Propos recueillis par Roland Sabra
>> Qui êtes vous Daniely Francisque ?
Je suis une jeune comédienne de 35 ans. Née en Martinique, j’ai grandi en région parisienne, où j’ai fait toute ma scolarité. J’ai obtenu en 1998 une maîtrise de Conception et Mise en œuvre de projets culturels à l’université de Jussieu à Paris. La Martinique n’a jamais cessé de battre en moi, comme un appel lancinant. Je suis revenue m’y installer en 2006. Mon retour au pays natal.

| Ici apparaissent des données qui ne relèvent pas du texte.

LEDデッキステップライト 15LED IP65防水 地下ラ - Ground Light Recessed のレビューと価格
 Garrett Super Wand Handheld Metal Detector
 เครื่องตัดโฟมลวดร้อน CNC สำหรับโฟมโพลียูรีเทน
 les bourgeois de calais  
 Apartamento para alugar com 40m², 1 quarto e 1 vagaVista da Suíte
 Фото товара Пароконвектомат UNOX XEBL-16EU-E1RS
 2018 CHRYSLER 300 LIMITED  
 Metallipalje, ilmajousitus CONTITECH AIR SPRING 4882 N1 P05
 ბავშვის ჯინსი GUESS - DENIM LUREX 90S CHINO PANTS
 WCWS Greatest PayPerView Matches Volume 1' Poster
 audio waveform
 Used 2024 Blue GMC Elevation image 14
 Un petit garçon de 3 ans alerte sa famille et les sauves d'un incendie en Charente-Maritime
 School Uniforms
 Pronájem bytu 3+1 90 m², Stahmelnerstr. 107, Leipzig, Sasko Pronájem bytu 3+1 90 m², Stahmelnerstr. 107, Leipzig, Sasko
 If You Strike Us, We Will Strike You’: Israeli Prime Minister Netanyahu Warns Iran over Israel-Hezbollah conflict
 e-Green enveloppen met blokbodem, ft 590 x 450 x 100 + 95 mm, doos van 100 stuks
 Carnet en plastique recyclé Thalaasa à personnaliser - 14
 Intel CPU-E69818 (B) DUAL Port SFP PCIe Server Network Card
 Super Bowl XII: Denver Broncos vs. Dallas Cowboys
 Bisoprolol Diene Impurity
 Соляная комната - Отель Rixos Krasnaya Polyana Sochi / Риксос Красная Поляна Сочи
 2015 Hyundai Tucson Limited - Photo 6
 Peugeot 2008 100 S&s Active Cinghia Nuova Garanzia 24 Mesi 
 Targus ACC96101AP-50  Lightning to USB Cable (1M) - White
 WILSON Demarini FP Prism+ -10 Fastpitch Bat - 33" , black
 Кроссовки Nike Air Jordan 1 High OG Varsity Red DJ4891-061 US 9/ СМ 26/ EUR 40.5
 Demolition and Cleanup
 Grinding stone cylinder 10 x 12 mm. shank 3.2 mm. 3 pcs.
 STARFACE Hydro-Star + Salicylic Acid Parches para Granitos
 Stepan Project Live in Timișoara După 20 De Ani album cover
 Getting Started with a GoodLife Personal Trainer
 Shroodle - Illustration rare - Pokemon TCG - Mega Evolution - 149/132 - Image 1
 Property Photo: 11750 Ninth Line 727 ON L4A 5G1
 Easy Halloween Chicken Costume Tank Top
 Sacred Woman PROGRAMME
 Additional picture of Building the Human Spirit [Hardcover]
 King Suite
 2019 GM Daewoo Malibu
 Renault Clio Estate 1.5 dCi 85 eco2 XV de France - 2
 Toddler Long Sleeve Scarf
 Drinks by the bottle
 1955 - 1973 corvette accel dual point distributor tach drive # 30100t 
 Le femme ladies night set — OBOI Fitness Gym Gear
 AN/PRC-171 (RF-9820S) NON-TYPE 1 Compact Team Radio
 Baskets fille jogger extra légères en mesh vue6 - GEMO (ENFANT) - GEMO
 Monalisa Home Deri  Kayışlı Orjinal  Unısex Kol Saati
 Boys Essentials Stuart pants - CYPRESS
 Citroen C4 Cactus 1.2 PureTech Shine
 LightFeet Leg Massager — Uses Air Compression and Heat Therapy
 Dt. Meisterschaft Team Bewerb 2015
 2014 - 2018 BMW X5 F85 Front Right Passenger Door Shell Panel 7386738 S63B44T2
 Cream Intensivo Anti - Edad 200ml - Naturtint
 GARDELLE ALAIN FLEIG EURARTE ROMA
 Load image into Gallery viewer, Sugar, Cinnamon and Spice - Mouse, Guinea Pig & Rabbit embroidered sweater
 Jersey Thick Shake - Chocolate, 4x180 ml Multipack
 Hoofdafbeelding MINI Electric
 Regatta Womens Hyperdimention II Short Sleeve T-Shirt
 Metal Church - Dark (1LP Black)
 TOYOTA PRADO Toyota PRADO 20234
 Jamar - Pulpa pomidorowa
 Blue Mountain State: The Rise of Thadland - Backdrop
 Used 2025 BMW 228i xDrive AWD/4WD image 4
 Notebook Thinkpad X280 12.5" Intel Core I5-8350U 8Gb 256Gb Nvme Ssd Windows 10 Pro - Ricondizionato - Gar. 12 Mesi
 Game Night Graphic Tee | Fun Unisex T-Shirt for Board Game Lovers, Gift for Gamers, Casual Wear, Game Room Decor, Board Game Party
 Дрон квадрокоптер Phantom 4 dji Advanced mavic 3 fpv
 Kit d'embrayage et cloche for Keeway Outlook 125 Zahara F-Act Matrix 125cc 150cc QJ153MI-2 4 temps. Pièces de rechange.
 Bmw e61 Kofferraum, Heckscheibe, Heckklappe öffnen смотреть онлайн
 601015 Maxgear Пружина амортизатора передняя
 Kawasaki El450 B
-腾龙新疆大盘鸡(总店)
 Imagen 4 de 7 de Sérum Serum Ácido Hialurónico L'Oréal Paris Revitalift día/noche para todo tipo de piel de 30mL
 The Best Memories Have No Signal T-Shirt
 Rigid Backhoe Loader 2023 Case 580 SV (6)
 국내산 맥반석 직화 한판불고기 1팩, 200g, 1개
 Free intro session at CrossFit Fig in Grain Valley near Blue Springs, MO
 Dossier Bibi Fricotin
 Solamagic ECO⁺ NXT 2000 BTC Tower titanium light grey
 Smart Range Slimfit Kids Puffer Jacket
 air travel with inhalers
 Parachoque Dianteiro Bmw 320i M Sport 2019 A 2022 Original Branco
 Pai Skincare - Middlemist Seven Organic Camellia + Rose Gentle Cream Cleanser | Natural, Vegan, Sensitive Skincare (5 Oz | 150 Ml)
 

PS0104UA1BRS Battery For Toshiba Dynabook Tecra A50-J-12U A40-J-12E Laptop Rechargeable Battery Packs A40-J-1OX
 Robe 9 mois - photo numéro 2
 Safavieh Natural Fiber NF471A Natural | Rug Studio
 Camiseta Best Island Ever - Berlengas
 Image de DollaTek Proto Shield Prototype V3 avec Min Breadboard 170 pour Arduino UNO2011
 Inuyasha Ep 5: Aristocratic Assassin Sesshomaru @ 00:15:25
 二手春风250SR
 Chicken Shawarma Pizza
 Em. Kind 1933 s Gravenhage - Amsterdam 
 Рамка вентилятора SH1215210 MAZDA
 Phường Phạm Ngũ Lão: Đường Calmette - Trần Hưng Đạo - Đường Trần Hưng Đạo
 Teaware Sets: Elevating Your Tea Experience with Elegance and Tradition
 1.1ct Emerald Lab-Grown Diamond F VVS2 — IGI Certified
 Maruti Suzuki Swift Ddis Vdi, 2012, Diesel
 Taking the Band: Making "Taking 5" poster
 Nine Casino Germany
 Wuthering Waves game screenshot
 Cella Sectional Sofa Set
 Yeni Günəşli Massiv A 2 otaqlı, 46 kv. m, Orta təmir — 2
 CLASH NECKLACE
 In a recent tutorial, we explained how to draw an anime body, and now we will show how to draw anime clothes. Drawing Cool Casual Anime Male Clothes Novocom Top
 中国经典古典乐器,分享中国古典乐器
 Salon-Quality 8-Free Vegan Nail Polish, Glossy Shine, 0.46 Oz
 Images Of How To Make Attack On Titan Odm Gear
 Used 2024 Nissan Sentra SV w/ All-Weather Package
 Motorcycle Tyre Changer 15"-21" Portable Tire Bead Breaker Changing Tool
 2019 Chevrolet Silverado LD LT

>> Comment êtes vous venue au théâtre ?
Je dirais que c’est le théâtre qui s’est présenté à moi. Devenir comédienne n’était ni une vocation, ni un rêve de petite fille. Le théâtre s’est révélé à moi au moment où je me posais des questions existentielles : Qui suis-je ? D’où viens-je ? Quelles sont mes origines ? Il m’a permis d’y répondre, en partie ! Ma découverte du théâtre était comme une renaissance, l’ouverture d’un chemin initiatique passionnant à travers mon histoire personnelle et plus largement l’histoire de mon peuple, et plus largement encore l’histoire de l’homme. Cela m’a permis de poser un pied dans ce monde et d’y trouver ma place.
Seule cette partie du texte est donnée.